5. Diese Vermutung wird durch die Ablehnung eines Abgrabungsantrags nur widerlegt, wenn die Ablehnung bereits in dem Zeitpunkt, zu dem der Abbauunternehmer das Grundstück erwirbt, vorliegt und nicht mehr anfechtbar ist; weiterhin darf die Erteilung der Genehmigung nach den Vorstellungen des Unternehmers auch künftig nicht mehr zu erwarten sein.
6. Der Begriff „demnächst” ist sehr weit auszulegen (im Streitfall: bis zu 20 Jahre).

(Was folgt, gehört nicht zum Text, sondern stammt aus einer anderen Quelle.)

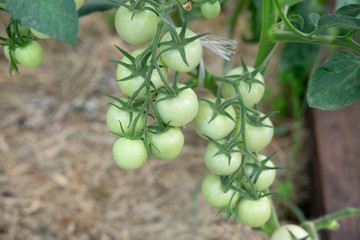 Green, Ripening Tomatoes On A Vine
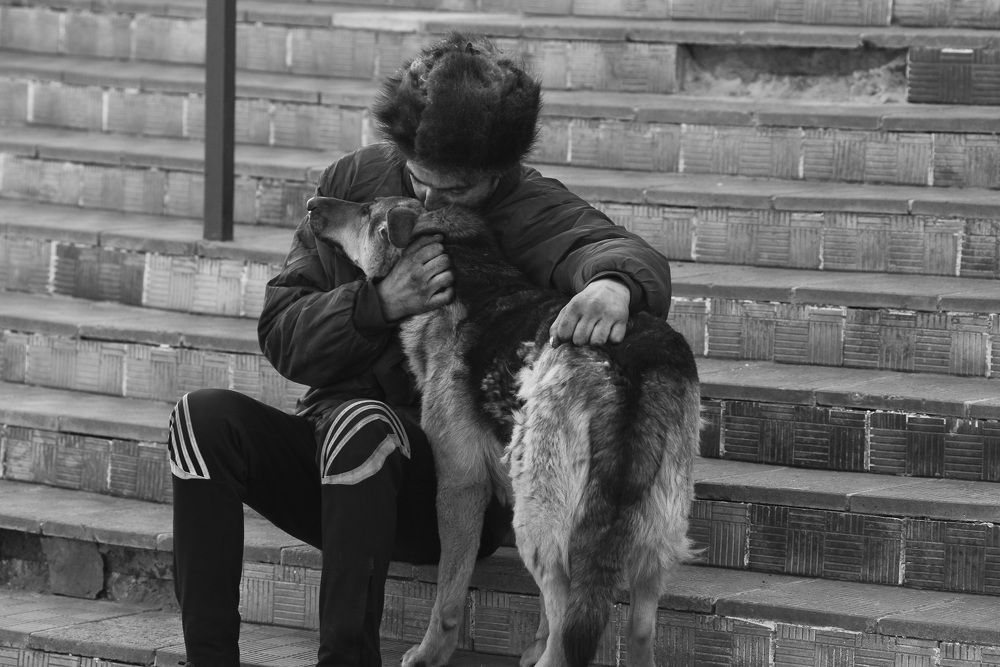 "Мёртвые души"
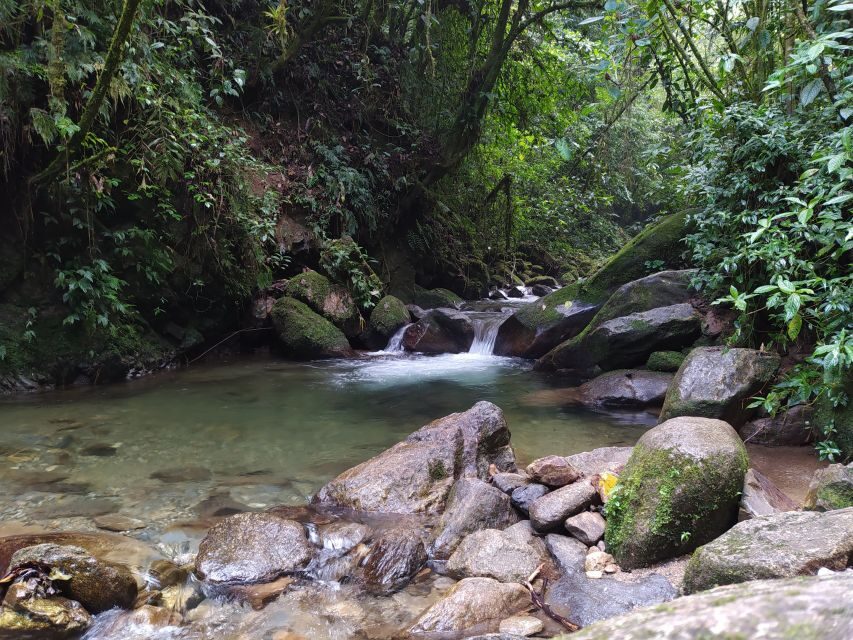 Medellín: Nature Experience & Waterfall-Hike - The 20-meter La Miel waterfall moment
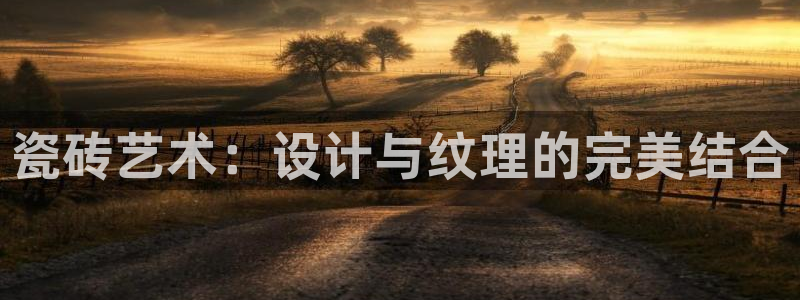 金科年会图片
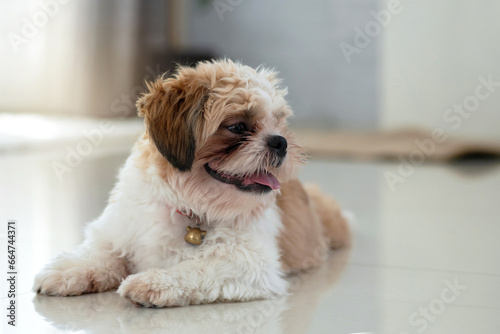 Fotografi Adorable Shih Tzu puppy sitting on floor at living room, looking at side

7. Steht der Grundstückskaufvertrag unter der auflösenden Bedingung, dass die zur Durchführung der Auskiesung erforderlichen Genehmigungen nicht erteilt oder mit Auflagen belastet werden, die eine wirtschaftlich sinnvolle Durchführung der Auskiesung ausschließen, so berührt dies die Konkretisierung des Wirtschaftsguts Kiesvorkommen nicht (Abgrenzung zum Urteil des Bundesfinanzhofes vom 7. Dezember 1989 IV R 1/88, BStBl 1990 II, 317).
Normenkette
FGO § 40 Abs. 2; AO § 171 Abs. 10, § 182 Abs. 1 S. 1, § 351 Abs. 2; BewG § 95 Abs. 1, § 98a S. 1, §§ 109, 109a; EStG §§ 6, 15; BGB § 94
Streitjahr(e)
1992
Nachgehend
Tatbestand
Zwischen den Beteiligten ist streitig, ob die Klägerin im Jahr 1992 berechtigt war, einen in der Steuerbilanz bisher als Kiesvorkommen ausgewiesenen Posten auf die Bilanzposition Grund und Boden umzubuchen.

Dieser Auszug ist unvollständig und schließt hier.